=== Begin Enclosure ===
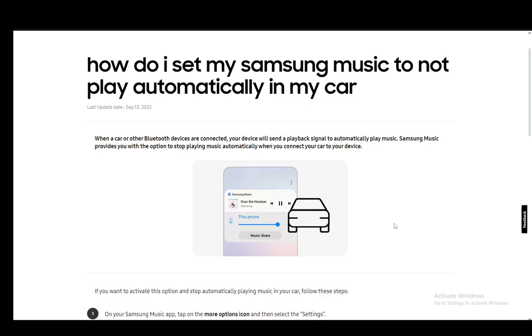Once you connect headphones, a car audio system, a speaker, etc., it should not play automatically anymore, since it's the devices themselves giving the instructions for it to play, not Samsung Music itself.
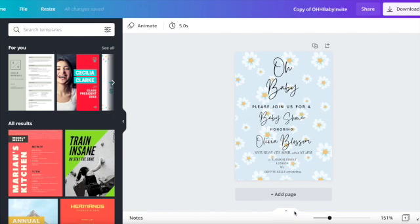In today's video we are going to discuss how to resize a document or template using Canva, how to then download that document and re-upload it into Canva so that you can print multiple copies per page, and then we'll cover how to print your final design.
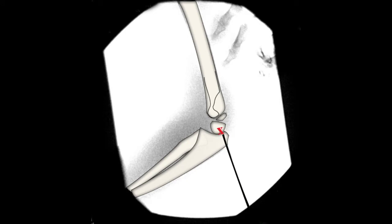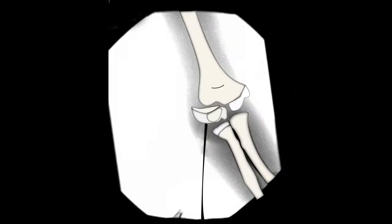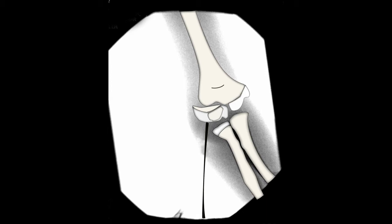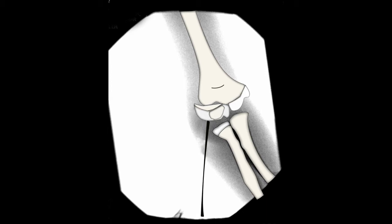The guide pin is positioned appropriately on the lateral condyle and used to manipulate the fracture into position. Usually some gap remains at the fracture site.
=== End Enclosure ===
REQUIRED ACTION :: Before copying the data, remove the pictures. Then repeat the rest exactly.

YOUR RESPONSE ::
Once you connect headphones, a car audio system, a speaker, etc., it should not play automatically anymore, since it's the devices themselves giving the instructions for it to play, not Samsung Music itself.
In today's video we are going to discuss how to resize a document or template using Canva, how to then download that document and re-upload it into Canva so that you can print multiple copies per page, and then we'll cover how to print your final design.
The guide pin is positioned appropriately on the lateral condyle and used to manipulate the fracture into position. Usually some gap remains at the fracture site.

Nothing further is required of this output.